**Exercise**
Give the lines again exactly as they appear, from the first line of the listing through the line containing "All right, so", and omit every picture.

**Input data**
########################################

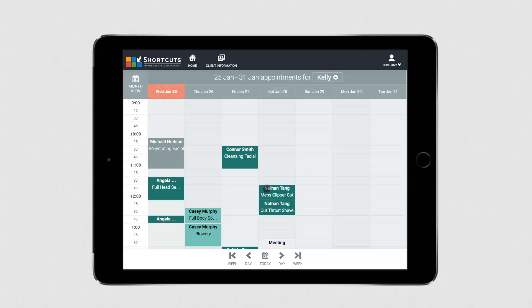To mark your client as arrived, select their appointment and press Arrive.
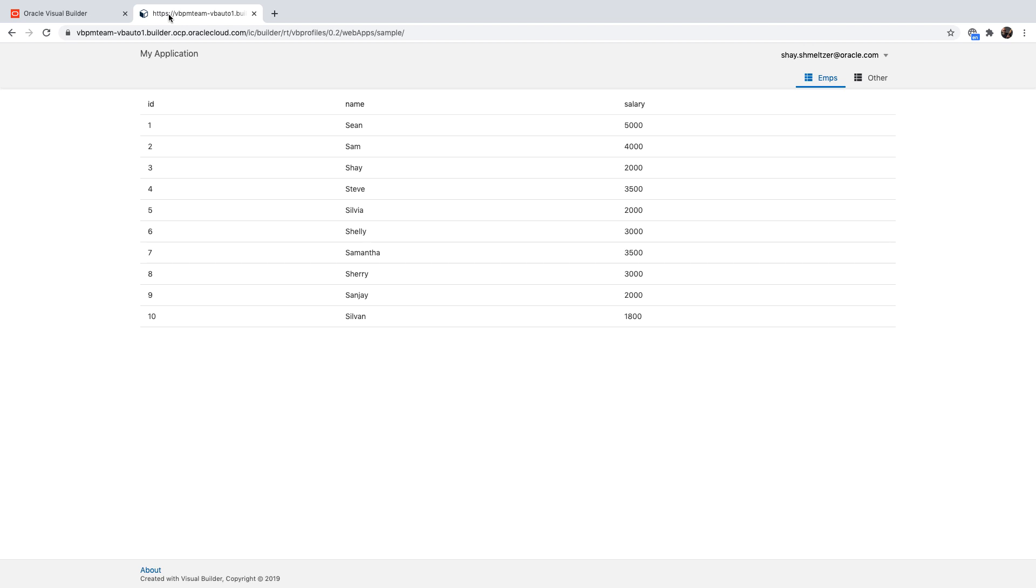All right, so we have this little application. Right now it's staged and it fetches employees. You can notice all the employee names start with an S.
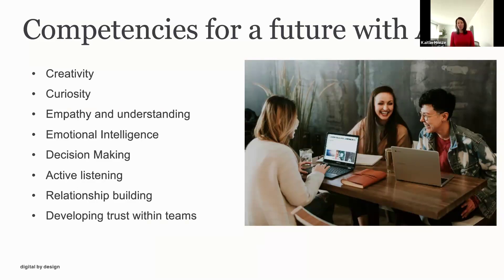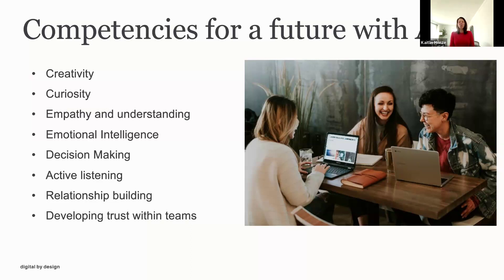ChatGPT can't help us build relationships across stakeholder groups. Depending on your role, you work with internal or external customers, vendors, and partners. We can use ChatGPT to generate content, but our success relies on building relationships and establishing trust and credibility. If you're looking to grow in your career or help a team develop, these competencies — sometimes called soft skills — are a great place to start, because in my opinion we will never have AI completely cover them.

########################################

**Task answer**
To mark your client as arrived, select their appointment and press Arrive.
All right, so we have this little application. Right now it's staged and it fetches employees. You can notice all the employee names start with an S.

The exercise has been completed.